*WHAT YOU WILL DO*
Print, exactly as written, every line from the first line of the records below through the line containing "Кронштейн подушки двигателя", and nothing further.

*INFORMATION SHOWN*
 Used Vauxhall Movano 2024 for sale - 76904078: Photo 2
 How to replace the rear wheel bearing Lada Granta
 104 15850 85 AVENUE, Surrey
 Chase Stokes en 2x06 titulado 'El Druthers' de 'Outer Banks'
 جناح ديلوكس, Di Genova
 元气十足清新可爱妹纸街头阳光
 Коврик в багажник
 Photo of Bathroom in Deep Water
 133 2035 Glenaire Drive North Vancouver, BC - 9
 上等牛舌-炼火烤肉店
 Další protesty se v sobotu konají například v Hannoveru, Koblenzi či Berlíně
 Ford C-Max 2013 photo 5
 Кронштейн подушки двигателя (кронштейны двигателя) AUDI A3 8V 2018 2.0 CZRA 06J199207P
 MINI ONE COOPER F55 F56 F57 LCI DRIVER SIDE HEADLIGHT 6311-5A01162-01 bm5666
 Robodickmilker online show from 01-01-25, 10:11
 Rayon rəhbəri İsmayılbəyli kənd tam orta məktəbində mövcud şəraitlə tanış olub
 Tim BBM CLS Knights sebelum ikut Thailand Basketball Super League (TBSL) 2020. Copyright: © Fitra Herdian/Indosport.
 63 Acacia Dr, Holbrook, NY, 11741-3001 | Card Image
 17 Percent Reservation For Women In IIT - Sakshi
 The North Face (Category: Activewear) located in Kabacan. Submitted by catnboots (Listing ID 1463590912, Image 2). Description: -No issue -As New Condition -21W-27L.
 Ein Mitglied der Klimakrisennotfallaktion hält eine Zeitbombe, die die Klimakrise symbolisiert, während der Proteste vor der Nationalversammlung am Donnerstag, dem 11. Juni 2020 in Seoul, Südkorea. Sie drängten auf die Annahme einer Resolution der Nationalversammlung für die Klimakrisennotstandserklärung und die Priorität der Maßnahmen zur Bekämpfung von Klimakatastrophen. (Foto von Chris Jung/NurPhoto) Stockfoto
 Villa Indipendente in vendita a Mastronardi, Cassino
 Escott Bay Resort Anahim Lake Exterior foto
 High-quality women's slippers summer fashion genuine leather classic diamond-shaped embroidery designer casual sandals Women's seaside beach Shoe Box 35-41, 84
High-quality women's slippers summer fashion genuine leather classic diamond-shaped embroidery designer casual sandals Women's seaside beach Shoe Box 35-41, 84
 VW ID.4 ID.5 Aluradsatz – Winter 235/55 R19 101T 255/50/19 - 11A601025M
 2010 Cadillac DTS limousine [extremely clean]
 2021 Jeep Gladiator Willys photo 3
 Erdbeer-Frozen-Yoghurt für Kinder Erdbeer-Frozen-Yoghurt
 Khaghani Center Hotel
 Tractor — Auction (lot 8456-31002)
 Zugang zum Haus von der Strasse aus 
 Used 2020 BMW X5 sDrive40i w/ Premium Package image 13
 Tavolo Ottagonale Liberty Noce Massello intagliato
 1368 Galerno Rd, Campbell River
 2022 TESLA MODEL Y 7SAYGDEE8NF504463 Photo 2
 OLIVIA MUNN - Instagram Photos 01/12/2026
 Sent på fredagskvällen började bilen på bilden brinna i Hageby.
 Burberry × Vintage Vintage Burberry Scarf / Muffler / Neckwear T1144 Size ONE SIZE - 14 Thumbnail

*RESPONSE BELOW*
 Used Vauxhall Movano 2024 for sale - 76904078: Photo 2
 How to replace the rear wheel bearing Lada Granta
 104 15850 85 AVENUE, Surrey
 Chase Stokes en 2x06 titulado 'El Druthers' de 'Outer Banks'
 جناح ديلوكس, Di Genova
 元气十足清新可爱妹纸街头阳光
 Коврик в багажник
 Photo of Bathroom in Deep Water
 133 2035 Glenaire Drive North Vancouver, BC - 9
 上等牛舌-炼火烤肉店
 Další protesty se v sobotu konají například v Hannoveru, Koblenzi či Berlíně
 Ford C-Max 2013 photo 5
 Кронштейн подушки двигателя (кронштейны двигателя) AUDI A3 8V 2018 2.0 CZRA 06J199207P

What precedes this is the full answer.